Explicit complex time integrators for stiff problems
Jithin D. George, Julian Koellermeier, Samuel Y. Jung, Niall M. Mangan
TL;DR
The authors address the challenge of efficiently integrating stiff time-dependent problems by introducing complex time stepping, which enlarges the region of absolute stability and enables larger stable time steps. They show how complex substeps yield tunable stability polynomials, deriving optimal complex coefficients for Schrödinger-type dynamics and demonstrating substantial efficiency gains in both linear and nonlinear Schrödinger equations. The work extends Projective Integration with complex inner steps, enabling stable integration of real-valued and complex-valued stiff systems with spectral gaps, including Prothero–Robinson-type tests.
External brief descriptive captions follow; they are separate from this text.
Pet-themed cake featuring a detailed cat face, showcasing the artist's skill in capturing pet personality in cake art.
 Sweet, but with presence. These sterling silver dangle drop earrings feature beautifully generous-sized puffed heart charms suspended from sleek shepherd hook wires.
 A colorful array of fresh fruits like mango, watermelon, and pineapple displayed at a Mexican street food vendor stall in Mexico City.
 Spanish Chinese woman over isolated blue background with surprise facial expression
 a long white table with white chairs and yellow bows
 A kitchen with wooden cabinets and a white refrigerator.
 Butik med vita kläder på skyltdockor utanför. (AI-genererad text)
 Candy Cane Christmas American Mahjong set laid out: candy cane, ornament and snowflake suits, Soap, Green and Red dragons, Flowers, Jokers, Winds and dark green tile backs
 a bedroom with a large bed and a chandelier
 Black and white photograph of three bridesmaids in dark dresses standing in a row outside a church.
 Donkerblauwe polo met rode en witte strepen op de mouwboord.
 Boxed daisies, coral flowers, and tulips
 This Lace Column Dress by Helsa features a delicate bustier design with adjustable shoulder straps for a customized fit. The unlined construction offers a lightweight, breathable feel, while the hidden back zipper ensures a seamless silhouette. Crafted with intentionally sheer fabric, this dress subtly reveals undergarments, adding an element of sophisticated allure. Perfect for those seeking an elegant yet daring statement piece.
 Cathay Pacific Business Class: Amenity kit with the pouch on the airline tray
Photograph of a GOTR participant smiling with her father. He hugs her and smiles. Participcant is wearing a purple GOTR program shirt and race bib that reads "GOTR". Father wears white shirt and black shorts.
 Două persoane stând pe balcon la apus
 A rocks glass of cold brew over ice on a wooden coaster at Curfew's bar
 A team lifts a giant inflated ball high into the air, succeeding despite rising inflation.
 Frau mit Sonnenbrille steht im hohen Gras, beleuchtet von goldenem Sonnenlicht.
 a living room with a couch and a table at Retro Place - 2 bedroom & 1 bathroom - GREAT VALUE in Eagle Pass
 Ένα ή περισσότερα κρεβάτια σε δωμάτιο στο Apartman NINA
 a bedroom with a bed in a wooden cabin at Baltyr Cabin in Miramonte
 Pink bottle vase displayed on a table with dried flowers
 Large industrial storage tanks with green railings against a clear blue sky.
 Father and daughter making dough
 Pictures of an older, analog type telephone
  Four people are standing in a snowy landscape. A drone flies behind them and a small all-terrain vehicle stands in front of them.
Numerical experiments indicate that complex time integration can double the stable step size and reduce computational cost, suggesting a promising path for efficient quantum-system simulations and other stiff problems; open-source code is provided for reproducibility.
Abstract
Most numerical methods for time integration use real-valued time steps. Complex time steps, however, can provide an additional degree of freedom, as we can select the magnitude of the time step in both the real and imaginary directions. We show that specific paths in the complex time plane lead to expanded stability regions, providing clear computational advantages for complex-valued systems. In particular, we highlight the Schrödinger equation, for which complex time integrators can be uniquely optimal. Furthermore, we demonstrate that these benefits extend to certain classes of real-valued stiff systems by coupling complex time steps with the Projective Integration method.